For years, Gray had an enviably short commute, boarding at various addresses on Perrysville Avenue near the Brashear Company’s optical works. In 1900, he was a lodger with Louisa Legrand Otterson, her husband John, and their family at 2032 Perrysville Avenue. In 1910, Gray boarded with Dora Legrand, Louisa Otterson’s mother, at 2026 Perrysville Avenue. Both houses were just half a block away from the Brashear Company.

Gray’s employer, Dr. Brashear, had an even shorter commute. The Brashear home was on property adjoining the factory. The family’s dining room doubled as a board room for company meetings. Nearby was the Allegheny Observatory – up through 1900, a short walk of a few hundred feet from the Brashear properties to Observatory Hill; after 1900, at Riverview Park. The Observatory’s Thaw Telescope was designed and built by the Brashear Optical Company in 1912. It was in this vibrant intellectual environment of science and wonder, married with expert craftsmanship, that Frank Gray became an amateur astronomer.

He designed and built a telescope for the students at Western Pennsylvania Institute for the Deaf.
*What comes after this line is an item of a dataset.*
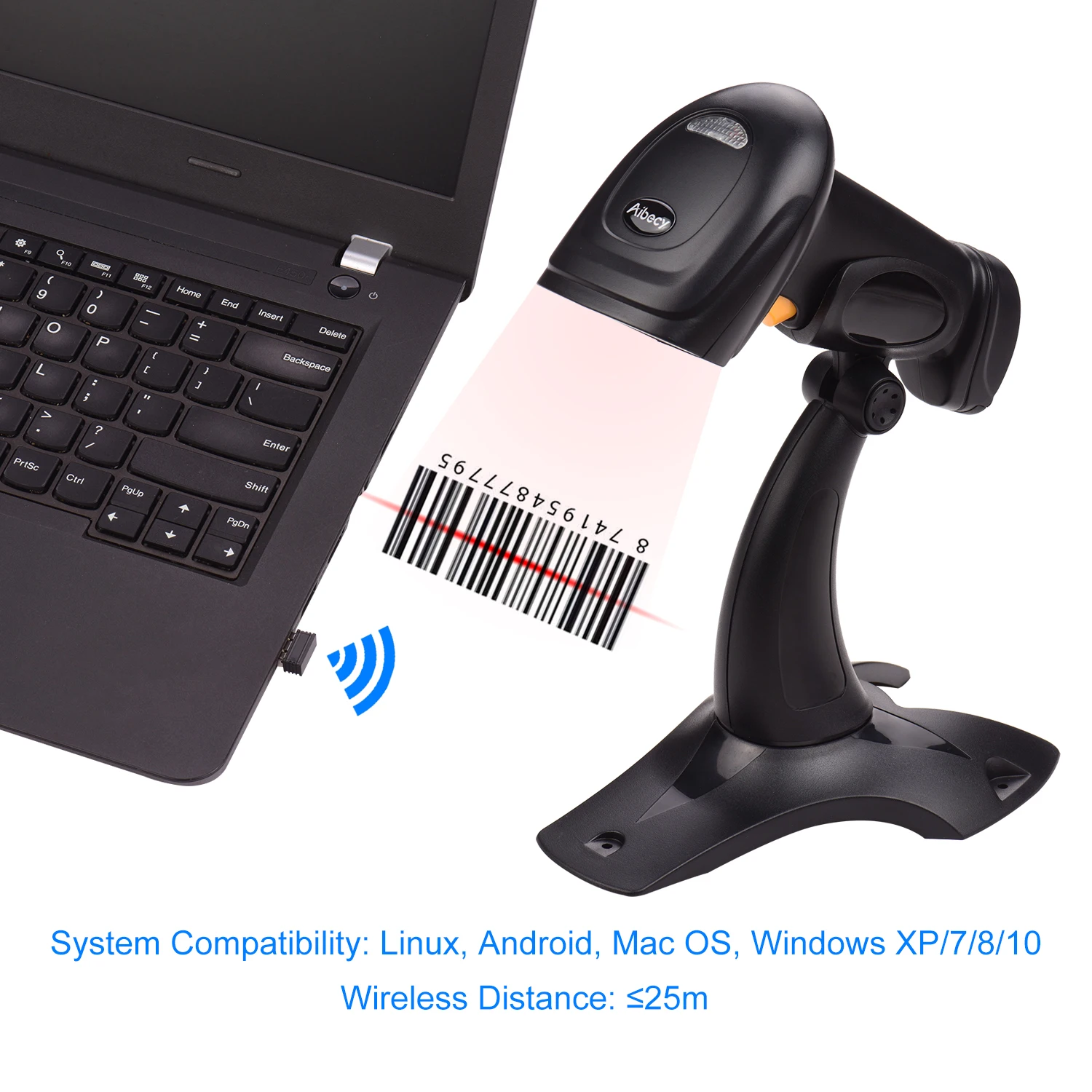 Aibecy 2 4G беспроводной ручной 1D сканер штрих кода считыватель кодов с USB кабелем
He visited the school regularly and showed the students how to use the telescope, sharing with them his love of the heavens.
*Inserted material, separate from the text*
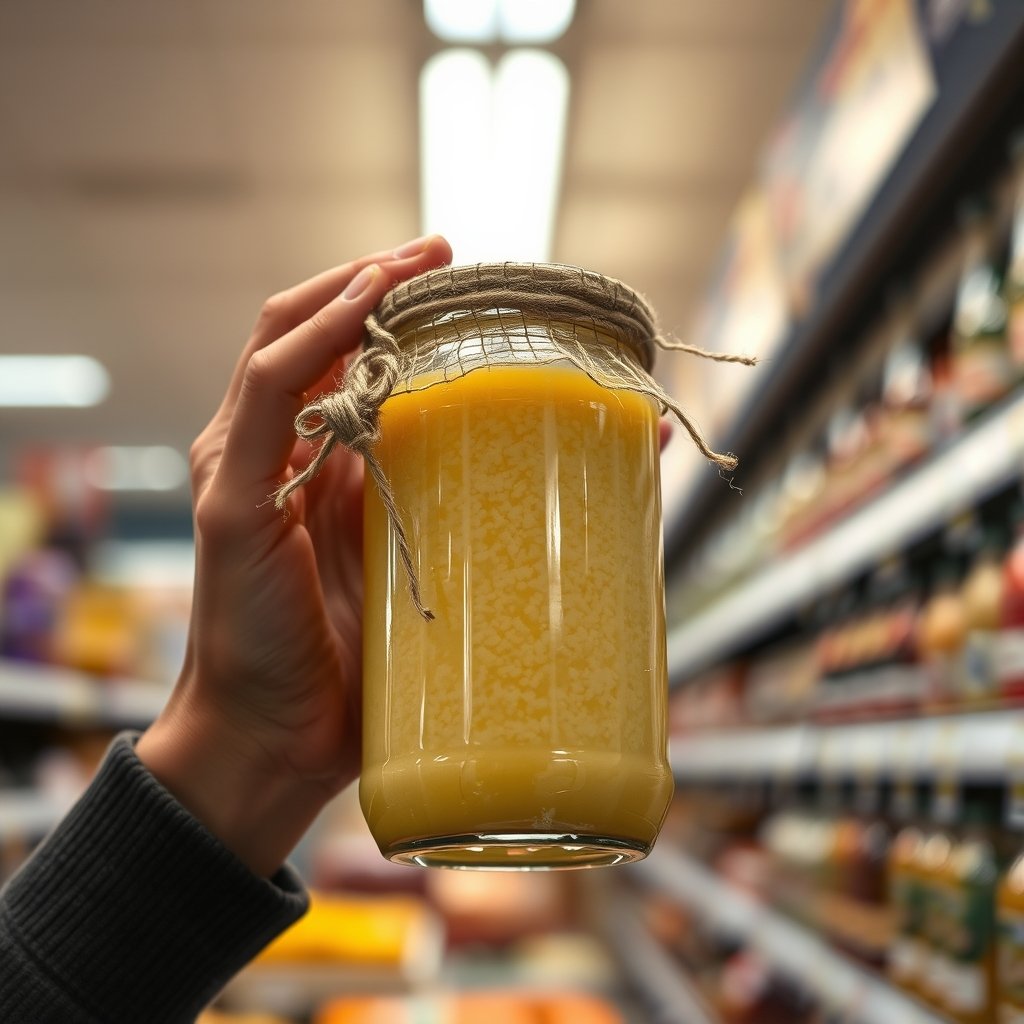 Two glass jars of ghee being compared side by side on a wooden shelf, showing differences in texture and label details.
Gray devoted himself to advocacy for the hearing impaired. He was a charter member of the Pittsburgh Social League of the Deaf, the National Association of the Deaf, the Pennsylvania Society for the Advancement of the Deaf, and Gallaudet College Alumni, serving as an officer in three of those associations. He knew American Sign Language and used speech to communicate with his colleagues at the Brashear Optical Company.

At the end of his life, Gray suffered from tuberculosis, for which he was hospitalized in 1923. He recovered sufficient strength to return to work for a short time, but in March 1924, Gray passed away at Allegheny General Hospital, attended by close friends. His remains were interred in Barry, Illinois, alongside his parents. Upon his passing, the Deaf-Mute Journal published an extensive biography of Gray, including correspondence from those who had known and were fond of him, remembering him as a wise and generous man beloved by many.

Frank R. Gray opened a savings account at Dollar Bank in August 1895.